Qui, forse, prende il via la sua iniziazione tropicale: egli resterà, infatti, sempre fiero del suo sangue sudamericano, tanto da sostenere con fermezza una sua parentela con gli Aztechi.
Dopo il ritorno a Parigi, Paul Gauguin si avvicina alla pittura e all’Impressionismo, ma presto sente di dover cercare se stesso altrove. Parte così alla volta della costa bretone, un cuneo di roccia proteso sul vuoto dell'Oceano. In questi luoghi rudi, primitivi, malinconici, il pittore pensa di purificarsi dalla città e dalle mode artistiche parigine. Si mette alla ricerca delle forme ancestrali di una nuova pittura. Ed proprio qui, a Pont-Aven, che Gauguin dipingerà alcune delle sue opere più celebri, come il «Cristo Giallo», in cui riproduce un crocifisso ligneo ammirato nella cappella di Trémalo, o «La visione dopo il sermone», in cui il misticismo bretone trova forma nel cloisonnisme, con le sue campiture nette e stesure compatte di colore.
È qui, in Bretagna, che prende il via la sua meravigliosa avventura del colore, con il distacco dagli Impressionisti e dalle loro pennellate frammentarie, con i contrasti violenti con l’amico e collega Vincent Van Gogh e con l’approdo, poi, a un cromatismo nuovo, anti-naturalistico e legato ai movimenti dell’anima come quello di opere come «La orana Maria, Nafea faa ipoipo, Aha oe feii?» o «Da dove veniamo?
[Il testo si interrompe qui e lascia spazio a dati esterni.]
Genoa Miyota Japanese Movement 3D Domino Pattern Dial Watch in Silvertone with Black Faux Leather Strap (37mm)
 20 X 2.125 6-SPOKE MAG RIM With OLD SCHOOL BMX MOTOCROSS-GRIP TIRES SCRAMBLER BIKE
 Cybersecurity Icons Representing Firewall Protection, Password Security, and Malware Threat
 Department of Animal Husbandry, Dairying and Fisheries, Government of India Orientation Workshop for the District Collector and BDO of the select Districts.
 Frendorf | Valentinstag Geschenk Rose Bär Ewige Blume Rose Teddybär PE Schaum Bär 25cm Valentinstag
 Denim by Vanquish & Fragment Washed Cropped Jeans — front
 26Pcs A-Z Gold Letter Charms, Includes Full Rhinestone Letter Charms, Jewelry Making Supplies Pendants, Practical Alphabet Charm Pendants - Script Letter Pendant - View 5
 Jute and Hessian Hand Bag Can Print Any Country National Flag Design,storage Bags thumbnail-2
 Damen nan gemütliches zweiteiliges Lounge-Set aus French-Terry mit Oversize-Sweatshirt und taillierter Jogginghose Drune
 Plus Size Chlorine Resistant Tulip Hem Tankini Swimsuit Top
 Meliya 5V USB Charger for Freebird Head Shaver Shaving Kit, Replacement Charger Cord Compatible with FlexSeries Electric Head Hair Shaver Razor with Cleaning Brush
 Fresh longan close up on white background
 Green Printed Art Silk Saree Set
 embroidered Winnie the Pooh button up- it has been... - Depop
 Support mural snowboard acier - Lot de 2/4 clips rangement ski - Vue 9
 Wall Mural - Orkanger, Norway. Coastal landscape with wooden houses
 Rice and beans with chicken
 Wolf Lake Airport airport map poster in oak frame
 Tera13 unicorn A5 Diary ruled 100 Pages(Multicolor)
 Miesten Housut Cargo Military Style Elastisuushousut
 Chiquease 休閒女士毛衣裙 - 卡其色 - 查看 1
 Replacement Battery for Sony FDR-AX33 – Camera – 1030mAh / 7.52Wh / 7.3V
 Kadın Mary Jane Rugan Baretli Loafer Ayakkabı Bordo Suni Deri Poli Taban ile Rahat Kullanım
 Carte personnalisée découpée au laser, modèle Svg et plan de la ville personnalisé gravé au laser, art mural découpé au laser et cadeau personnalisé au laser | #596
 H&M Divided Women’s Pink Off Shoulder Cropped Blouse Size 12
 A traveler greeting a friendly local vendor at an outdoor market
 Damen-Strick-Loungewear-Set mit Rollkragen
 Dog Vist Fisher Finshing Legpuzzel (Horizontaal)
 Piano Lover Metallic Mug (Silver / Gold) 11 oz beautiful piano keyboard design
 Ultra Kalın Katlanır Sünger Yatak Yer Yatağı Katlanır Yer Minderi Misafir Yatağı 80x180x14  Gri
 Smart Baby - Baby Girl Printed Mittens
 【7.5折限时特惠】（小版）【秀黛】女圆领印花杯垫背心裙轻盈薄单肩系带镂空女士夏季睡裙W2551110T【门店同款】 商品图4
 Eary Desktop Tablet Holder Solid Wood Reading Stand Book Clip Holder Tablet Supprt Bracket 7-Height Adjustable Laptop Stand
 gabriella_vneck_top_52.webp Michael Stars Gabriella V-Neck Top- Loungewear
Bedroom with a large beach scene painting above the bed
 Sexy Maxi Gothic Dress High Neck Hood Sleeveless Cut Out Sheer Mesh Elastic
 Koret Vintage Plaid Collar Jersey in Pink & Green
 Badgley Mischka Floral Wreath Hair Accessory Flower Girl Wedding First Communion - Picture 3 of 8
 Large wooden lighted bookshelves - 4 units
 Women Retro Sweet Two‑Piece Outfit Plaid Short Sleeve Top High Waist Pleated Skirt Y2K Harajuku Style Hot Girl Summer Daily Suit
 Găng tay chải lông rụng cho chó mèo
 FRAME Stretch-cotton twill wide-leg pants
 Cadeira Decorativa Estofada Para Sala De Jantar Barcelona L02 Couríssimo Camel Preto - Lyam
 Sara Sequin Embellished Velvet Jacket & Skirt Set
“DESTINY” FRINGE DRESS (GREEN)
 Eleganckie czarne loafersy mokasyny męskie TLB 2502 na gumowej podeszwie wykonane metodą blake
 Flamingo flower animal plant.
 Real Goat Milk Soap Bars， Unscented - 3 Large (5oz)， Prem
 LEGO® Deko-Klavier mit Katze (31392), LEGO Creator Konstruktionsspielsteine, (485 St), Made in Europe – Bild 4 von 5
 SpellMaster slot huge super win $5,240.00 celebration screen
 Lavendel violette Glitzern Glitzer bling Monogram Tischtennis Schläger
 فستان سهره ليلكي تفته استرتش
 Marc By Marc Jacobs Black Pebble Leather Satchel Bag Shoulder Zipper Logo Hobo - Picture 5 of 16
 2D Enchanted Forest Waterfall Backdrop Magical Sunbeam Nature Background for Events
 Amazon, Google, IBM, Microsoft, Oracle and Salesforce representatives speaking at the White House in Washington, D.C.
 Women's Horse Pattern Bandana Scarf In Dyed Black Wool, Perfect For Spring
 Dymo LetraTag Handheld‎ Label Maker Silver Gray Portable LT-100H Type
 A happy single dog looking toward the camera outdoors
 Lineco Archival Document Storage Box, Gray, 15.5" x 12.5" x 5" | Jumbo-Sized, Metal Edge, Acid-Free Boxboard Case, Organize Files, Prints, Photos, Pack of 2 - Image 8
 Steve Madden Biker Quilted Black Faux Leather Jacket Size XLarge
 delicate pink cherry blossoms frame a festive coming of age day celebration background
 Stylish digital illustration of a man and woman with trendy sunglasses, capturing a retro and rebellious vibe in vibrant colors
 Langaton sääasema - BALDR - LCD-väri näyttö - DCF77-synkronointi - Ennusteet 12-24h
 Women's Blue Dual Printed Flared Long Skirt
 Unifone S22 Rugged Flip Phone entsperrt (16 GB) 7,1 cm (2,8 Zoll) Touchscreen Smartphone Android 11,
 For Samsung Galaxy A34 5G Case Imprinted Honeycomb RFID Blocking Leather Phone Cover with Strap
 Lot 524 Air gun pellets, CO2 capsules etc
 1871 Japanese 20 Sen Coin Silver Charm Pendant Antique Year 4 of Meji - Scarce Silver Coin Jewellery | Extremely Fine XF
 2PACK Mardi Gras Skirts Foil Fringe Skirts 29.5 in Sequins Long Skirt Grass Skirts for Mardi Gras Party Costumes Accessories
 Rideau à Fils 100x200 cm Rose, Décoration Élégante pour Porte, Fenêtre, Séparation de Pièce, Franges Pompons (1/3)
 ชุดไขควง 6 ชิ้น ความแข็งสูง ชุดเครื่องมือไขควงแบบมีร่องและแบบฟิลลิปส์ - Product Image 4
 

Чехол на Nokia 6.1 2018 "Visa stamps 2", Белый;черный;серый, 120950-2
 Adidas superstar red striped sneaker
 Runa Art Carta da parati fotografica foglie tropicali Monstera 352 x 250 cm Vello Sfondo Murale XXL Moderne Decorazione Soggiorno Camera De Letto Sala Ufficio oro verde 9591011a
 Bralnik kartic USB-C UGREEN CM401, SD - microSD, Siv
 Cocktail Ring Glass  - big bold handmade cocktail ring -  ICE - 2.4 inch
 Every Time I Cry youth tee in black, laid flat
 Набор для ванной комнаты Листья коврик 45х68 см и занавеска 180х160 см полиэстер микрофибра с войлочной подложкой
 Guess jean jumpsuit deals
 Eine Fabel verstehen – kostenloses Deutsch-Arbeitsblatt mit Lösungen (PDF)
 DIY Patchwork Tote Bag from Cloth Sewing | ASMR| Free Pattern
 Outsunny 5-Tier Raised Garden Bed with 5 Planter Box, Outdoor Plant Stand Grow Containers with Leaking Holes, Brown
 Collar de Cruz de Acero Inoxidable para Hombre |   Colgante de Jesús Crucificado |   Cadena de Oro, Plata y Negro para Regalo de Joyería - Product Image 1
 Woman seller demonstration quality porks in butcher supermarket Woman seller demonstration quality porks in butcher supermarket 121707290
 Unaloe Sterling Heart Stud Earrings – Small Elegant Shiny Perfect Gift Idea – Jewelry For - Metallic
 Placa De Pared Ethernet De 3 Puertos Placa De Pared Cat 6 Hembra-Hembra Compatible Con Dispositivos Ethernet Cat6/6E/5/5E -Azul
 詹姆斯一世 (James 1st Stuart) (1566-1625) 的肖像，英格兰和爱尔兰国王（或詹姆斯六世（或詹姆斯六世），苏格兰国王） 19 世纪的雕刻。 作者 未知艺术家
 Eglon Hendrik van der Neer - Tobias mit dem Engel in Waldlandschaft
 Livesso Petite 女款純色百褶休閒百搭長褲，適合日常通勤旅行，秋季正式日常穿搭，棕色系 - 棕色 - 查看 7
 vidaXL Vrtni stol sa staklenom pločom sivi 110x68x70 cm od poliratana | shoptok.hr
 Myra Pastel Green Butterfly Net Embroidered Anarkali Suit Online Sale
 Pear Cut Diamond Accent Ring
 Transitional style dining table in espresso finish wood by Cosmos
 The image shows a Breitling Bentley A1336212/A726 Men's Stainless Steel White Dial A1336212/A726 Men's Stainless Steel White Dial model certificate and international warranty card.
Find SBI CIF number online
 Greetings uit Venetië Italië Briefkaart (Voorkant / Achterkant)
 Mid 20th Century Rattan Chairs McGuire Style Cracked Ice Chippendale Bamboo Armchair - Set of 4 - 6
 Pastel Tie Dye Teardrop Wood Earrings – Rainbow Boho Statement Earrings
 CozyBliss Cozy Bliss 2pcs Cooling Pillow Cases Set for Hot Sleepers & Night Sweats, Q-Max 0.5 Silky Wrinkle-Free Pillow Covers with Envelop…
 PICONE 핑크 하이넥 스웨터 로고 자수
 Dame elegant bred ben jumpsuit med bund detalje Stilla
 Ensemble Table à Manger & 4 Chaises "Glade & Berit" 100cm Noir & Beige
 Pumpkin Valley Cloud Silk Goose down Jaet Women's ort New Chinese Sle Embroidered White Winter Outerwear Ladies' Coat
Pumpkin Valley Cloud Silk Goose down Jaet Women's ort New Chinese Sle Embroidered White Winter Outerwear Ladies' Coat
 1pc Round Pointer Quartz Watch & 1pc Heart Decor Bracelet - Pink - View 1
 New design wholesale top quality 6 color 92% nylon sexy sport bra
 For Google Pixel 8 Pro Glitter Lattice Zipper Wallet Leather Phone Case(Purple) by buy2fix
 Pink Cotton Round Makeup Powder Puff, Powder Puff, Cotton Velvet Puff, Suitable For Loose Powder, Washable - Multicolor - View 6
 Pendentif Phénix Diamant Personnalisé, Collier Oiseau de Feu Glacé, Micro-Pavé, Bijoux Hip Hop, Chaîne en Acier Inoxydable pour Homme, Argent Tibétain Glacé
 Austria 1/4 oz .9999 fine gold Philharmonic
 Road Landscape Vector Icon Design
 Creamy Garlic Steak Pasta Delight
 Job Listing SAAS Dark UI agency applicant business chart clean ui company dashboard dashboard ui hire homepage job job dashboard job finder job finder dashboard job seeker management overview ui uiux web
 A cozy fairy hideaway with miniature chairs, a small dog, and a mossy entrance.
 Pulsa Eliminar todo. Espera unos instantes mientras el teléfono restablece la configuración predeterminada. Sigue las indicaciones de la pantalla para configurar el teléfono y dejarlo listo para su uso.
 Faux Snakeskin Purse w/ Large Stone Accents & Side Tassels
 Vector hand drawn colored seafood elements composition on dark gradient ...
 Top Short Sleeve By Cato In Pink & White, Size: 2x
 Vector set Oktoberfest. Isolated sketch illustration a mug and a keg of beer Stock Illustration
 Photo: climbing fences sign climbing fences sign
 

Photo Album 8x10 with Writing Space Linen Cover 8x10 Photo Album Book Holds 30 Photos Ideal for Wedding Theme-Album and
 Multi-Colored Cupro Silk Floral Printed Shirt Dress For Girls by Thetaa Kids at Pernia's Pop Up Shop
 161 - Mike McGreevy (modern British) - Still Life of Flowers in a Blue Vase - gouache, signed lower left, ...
Chi siamo? Dove andiamo?».
Il racconto sarà accompagnato anche dalle parole dello stesso Gauguin, con brani tratti da testi autobiografici (come «Noa Noa» o «Avant et après»), dalle lettere a familiari, amici e alla moglie Mette, alla quale Paul scriverà: «Verrà un giorno, e presto, in cui mi rifugerò nella foresta in un’isola dell’Oceano a vivere d’arte, seguendo in pace la mia ispirazione. Circondato da una nuova famiglia, lontano da questa lotta europea per il denaro. A Tahiti, nel silenzio delle notti tropicali, potrò ascoltare il ritmo dolce e suadente del mio cuore in armonia con le presenze misteriose che mi circondano. Libero, senza problemi di denaro, potrò amare, cantare, morire».
La storia di Paul Gauguin è, dunque, la storia -recita Adriano Giannini nel trailer- di «un uomo in fuga dall’arte accademia, dal male di vivere della modernità». È la storia di un ribelle che cerca pace in terre lontane. È la storia di un pittore che sembra aver capito ciò che è importante nella vita: «Quando, finalmente gli uomini comprenderanno -dice- il senso della parola libertà? Che mi importa della gloria? Sono forte perché faccio ciò che sento dentro di me».